N’ayant pas pris cette donne pourtant simple en compte, Copé a mis le doigt dans un engrenage infernal. Il lance une grande campagne pour expliquer que le PS va constituer un fichier de ses sympathisants et donc, en creux, de ses adversaires. Sur qui cette menace et cette peur peuvent-elles fonctionner ? Pas sur les sympathisants de gauche, qui, on l’imagine, se moquent bien d’être identifiés à gauche par un parti de … gauche. Les électeurs de droite sont donc la seule cible restante. Mais une fois la peur instillée dans leur esprit, quelle latitude d’action leur est-il donnée ? Signer des pétitions contre les primaires du PS, s’enchaîner à la porte des bureaux de vote pour en bloquer l’accès ? Dans cette phase de la campagne présidentielle, la préoccupation du PS n’est pas de s’adresser à l’ensemble des Français ou de ne pas déplaire à l’électorat de droite, mais de rassembler son camp autour de la désignation de son candidat. La campagne de l’UMP n’aura donc aucun impact sur les Français concernés par cette phase, si ce n’est peut-être, a contrario, en les mobilisant en défense autour du PS, tant la manœuvre est grossière et agressive.

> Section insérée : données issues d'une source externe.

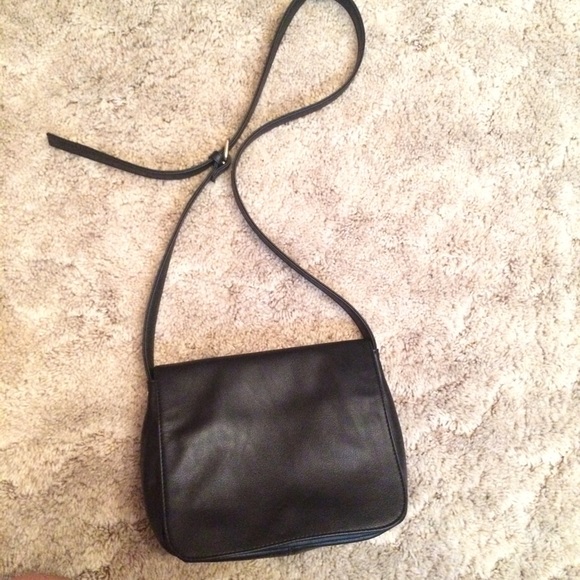 plain cross body bag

Et ce ne n’est pas tout : non content de n’avoir aucune efficacité au regard des intérêts de l’UMP, ce plan d’attaque pourrait bien servir ceux du PS. D’ici à novembre, le parti socialiste a un seul problème : faire connaître un processus politique original à une population qui pratique de façon croissante l’abstention aux « vrais » scrutins, et convaincre celle-ci de s’y engager. Le principal défaut des primaires est en effet leur nouveauté, le manque de pratique et d’habitude démocratique autour d’elles. Or leur succès sera directement corrélé à leur taux de participation. Justement, en persistant à critiquer chaque détail des primaires, l’UMP permet fort simplement une sorte de « visite du propriétaire » et de démonstration gratuite du fonctionnement de celles-ci au grand public. Je serais curieux de comparer le degré de connaissance par la population française des primaires socialistes avant, et après, l’offensive UMP, qui risque de ne pas avoir d’autre effet que de renforcer la curiosité et l’intérêt … autour du dispositif socialiste.
Affoler en vain son électorat et faire, à grands frais, de la publicité pour son principal concurrent : on a connu mieux. Une fois la bataille de l’illégalité perdue, Copé et l’UMP n’avaient en réalité qu’une chose à faire, essayer d’étouffer les primaires pour amoindrir au maximum leur effet politique. Ce qui impliquait de se taire à leur sujet, de jouer discrètement leur pourrissement en pariant sur la propension à la division des socialistes, et idéalement de susciter un contre-feu politique conséquent à droite. Soit tout l’inverse de ce qui est actuellement fait, avec une débauche d’énergie et d’espace médiatique étonnante. Finalement, le bâton de maréchal attendra encore pour le général Copé.